» **TASK PROMPT**:
Take the entries below and reproduce exactly the portion that begins at the line containing "BASEオーダーメイド　ウェットスーツ" and ends at the line containing "2022 Volkswagen Taos 1.5T SEL Springfield VA", keeping both ends, dropping pictures, and adding nothing else.

» **DATA FOR THIS TASK**:
%%
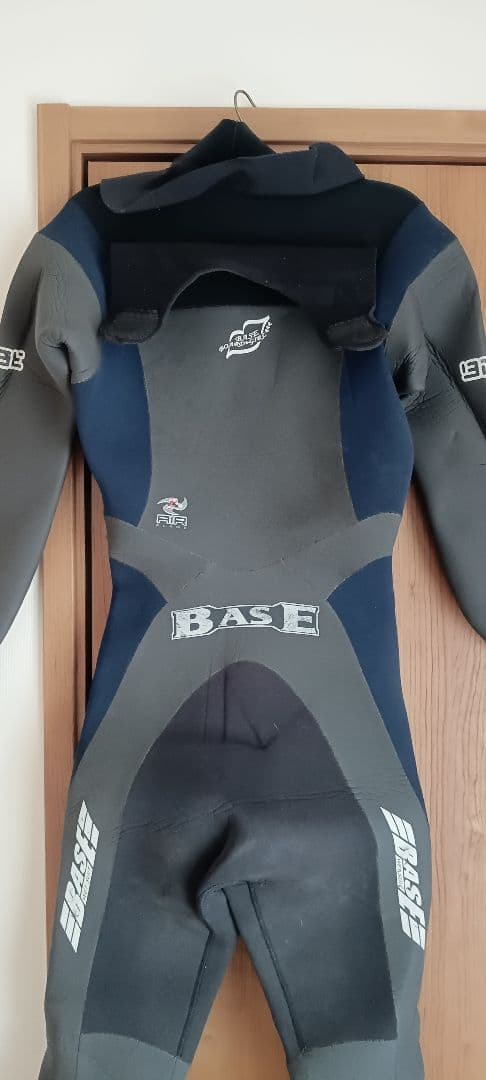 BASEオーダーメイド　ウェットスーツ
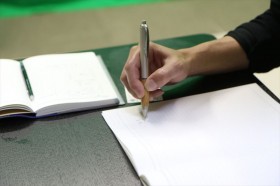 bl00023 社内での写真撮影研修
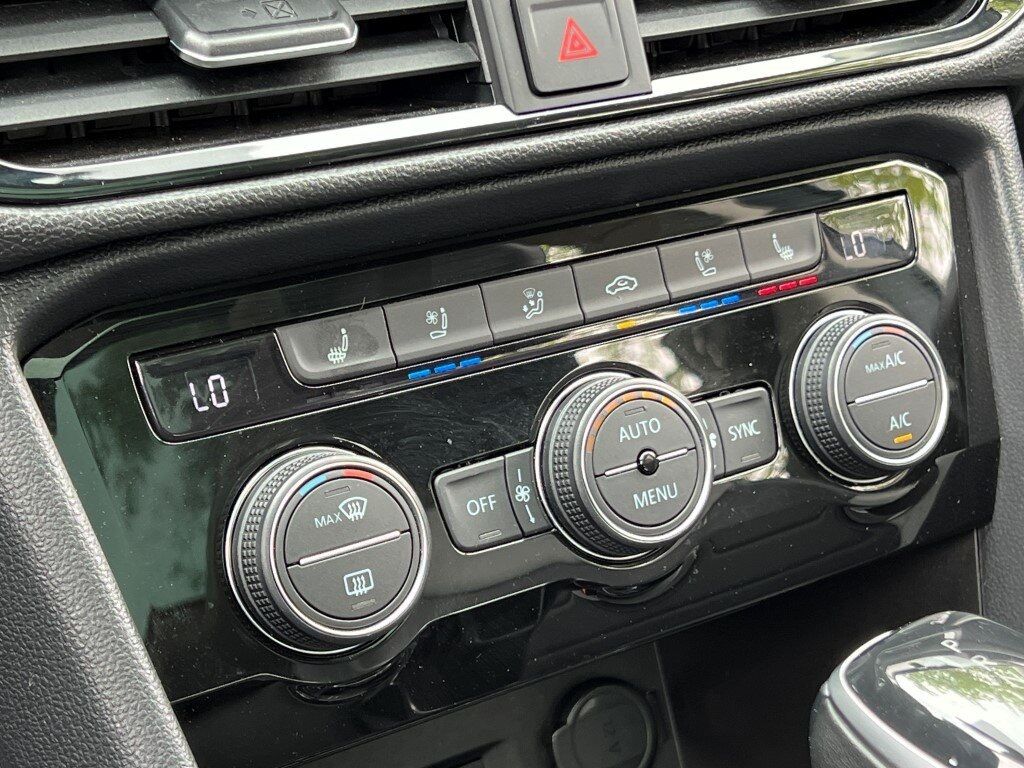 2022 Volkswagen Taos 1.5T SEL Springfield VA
%%
%%
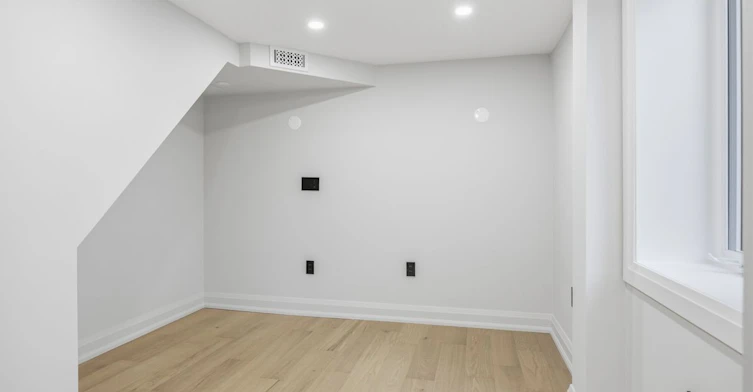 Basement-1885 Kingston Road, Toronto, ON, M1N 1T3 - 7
%%
» **RESPONSE TO THE EXERCISE**:
 BASEオーダーメイド　ウェットスーツ
 bl00023 社内での写真撮影研修
 2022 Volkswagen Taos 1.5T SEL Springfield VA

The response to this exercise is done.